Le 25 décembre 1978, le Viêt Nam entreprend une offensive d'envergure contre son voisin, après avoir annoncé la formation d'un Front uni de salut national du Kampuchéa (F.U.N.S.K.). Les troupes de Pol Pot reculent un peu partout, tandis qu'un comité révolutionnaire populaire s'installe à Phnom Penh (janvier 1979). Mais les divisions vietnamiennes engagées au Cambodge se heurtent à des opérations de guérilla, qui obligent l'état-major de Hanoi à occuper massivement le pays. Progressivement repoussés, les partisans de Pol Pot se replient sur des zones jouxtant la frontière thaïlandaise. Toutefois, le nouveau gouvernement cambodgien n'est reconnu que par une poignée de pays socialistes alliés de Hanoi ; il n'en reste pas moins que la défaite des Khmers rouges est un incontestable succès pour le Viêt Nam, qui, soit par les armes, soit par la diplomatie, s'est assuré le soutien ferme de ses voisins cambodgiens et laotiens.
Le conflit sino-vietnamien et les priorités économiques
La Chine considère les pays d'Asie du Sud-Est comme un glacis sur son flanc sud et comme sa zone d'influence. Elle ne peut donc accepter l'« impérialisme régional » du Viêt Nam d'autant plus qu'il ouvre la porte à l'Union soviétique (facilités portuaires à la flotte soviétique). En effet, privé de l'aide chinoise, Hanoi a adhéré au Comecon (juin 1978) et signé avec l'U.R.S.S. un traité d'amitié et de coopération (novembre 1978). Les rapports entre la Chine et le Viêt Nam ne cessent de se détériorer.
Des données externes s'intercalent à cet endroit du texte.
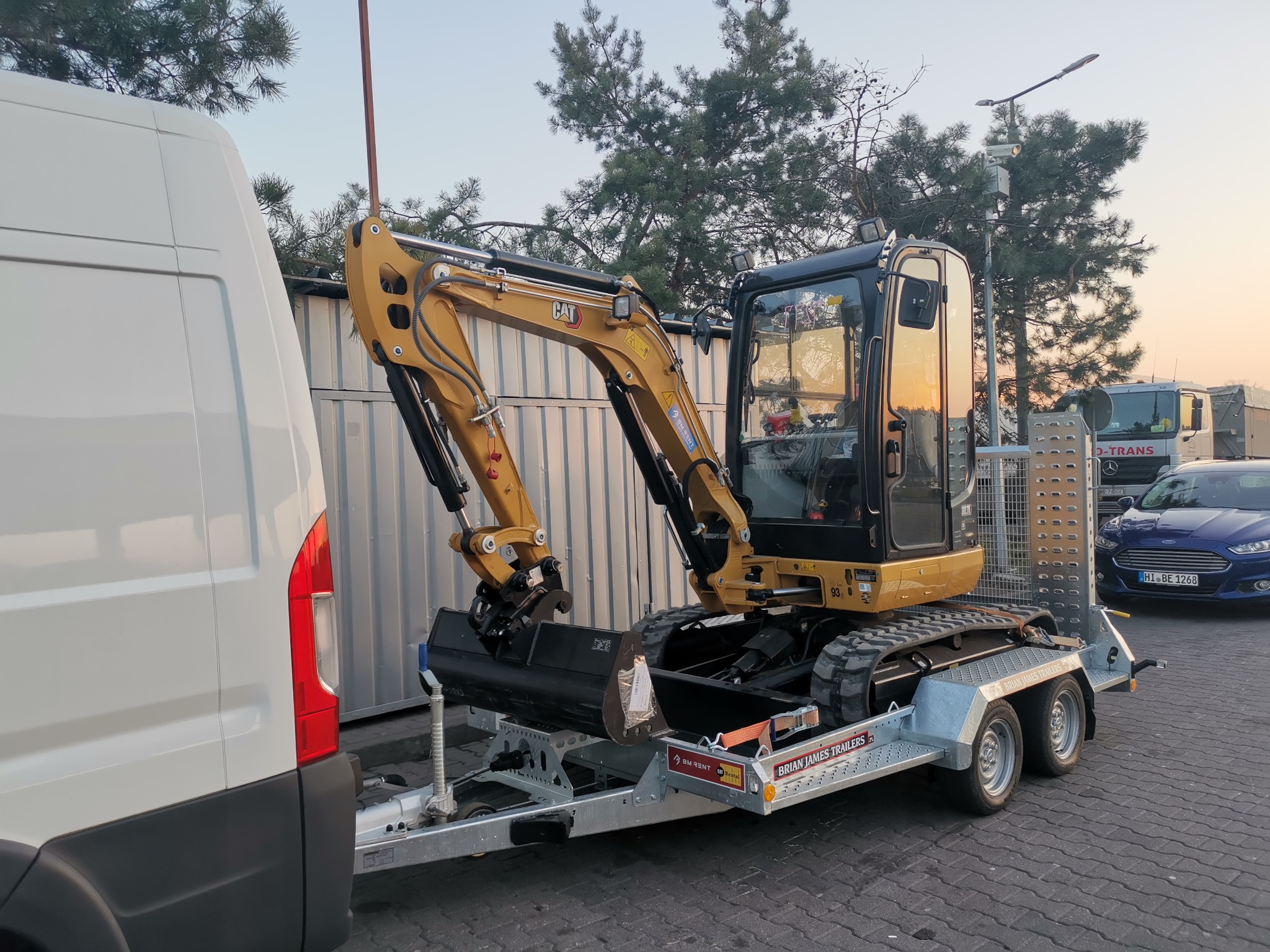 Żółta mini koparka CAT na przyczepie Brian James Trailers, zaparkowana obok białego furgonu na brukowanym placu. W tle widoczne drzewa, budynki i inne pojazdy.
Au lendemain de l'invasion vietnamienne au Cambodge, le 17 février 1979, la Chine lance une attaque sur la frontière nord du Viêt Nam pour lui « donner une leçon », mais, après de durs combats, elle doit se retirer le 6 mars et négocier. Le conflit va tourner à l'épreuve d'usure, Pékin armant les Khmers rouges. Les conditions de vie deviennent alors si difficiles, notamment pour la minorité chinoise, que quelque 400 000 personnes quitteront le pays par mer (boat people), ou par terre vers la Chine. La conférence de Genève (juillet 1979) décide une aide des pays occidentaux pour les réfugiés.
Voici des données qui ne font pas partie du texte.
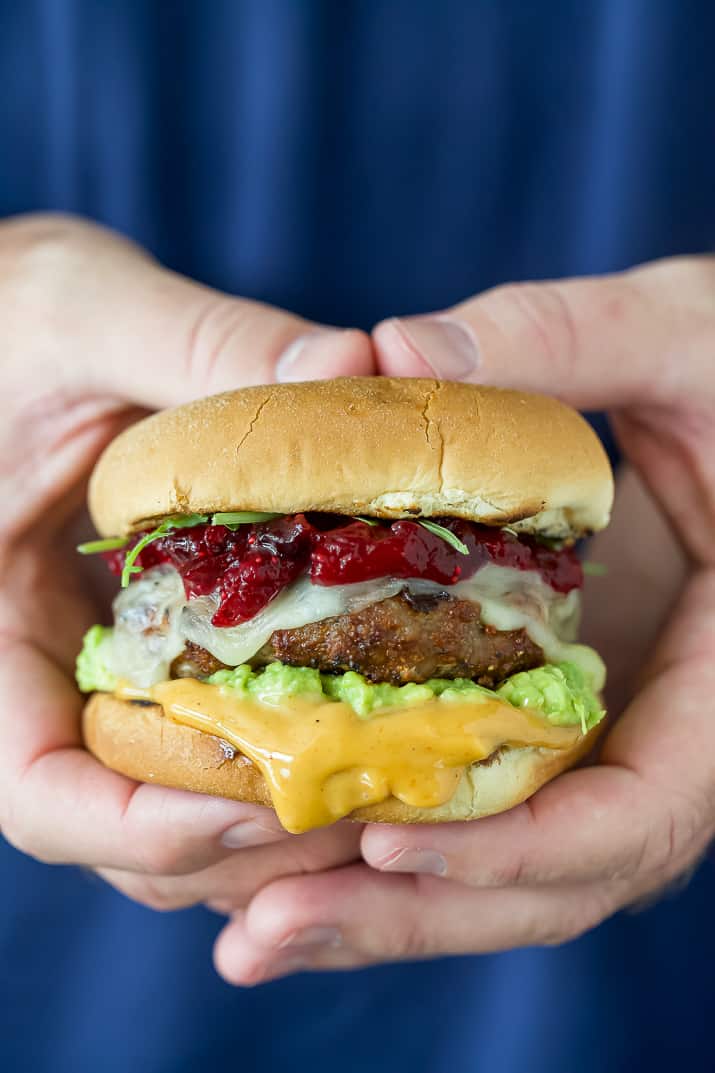 hands holding a turkey burger with spicy mayo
La situation en Indochine étant « stabilisée », Hanoi, isolé par l'embargo occidental mais aidé par l'U.R.S.S., va remédier aux mauvais résultats du plan quinquennal (1976-1980) et surtout à une grave pénurie alimentaire : il adopte en 1979, malgré les conservateurs, une libéralisation du marché de la production agricole et artisanale qui donne des résultats positifs. Une nouvelle Constitution est adoptée en décembre 1980 après quatre ans de débats, qui souligne le rôle principal du marxisme-léninisme. En mars 1982, le Ve Congrès du P.C.V. approuve la nouvelle ligne économique dont les effets bénéfiques sont momentanément compromis par une réforme monétaire hâtive (septembre 1985), suivie d'une forte inflation.
En juillet 1986, Lê Duân meurt, et Truong Chinh, déjà président du Conseil d'État, lui succède à la tête du parti. Mais, au VIe Congrès du P.C.V. (décembre 1986), ce dernier se retire du bureau politique ainsi que Pham Van Dông (Premier ministre) et Lê Duc Tho, ouvrant alors la voie au renouvellement de la direction. Nguyên Van Linh, dont le programme de « rénovation » économique (doi moi) est approuvé, prend la tête du parti. En juillet 1987, Vo Chi Cong devient président du Conseil d'État, et Pham Hung, Premier ministre. Tous deux sont des vétérans du Sud, comme Vô Van Kiet, le réformateur chargé du plan.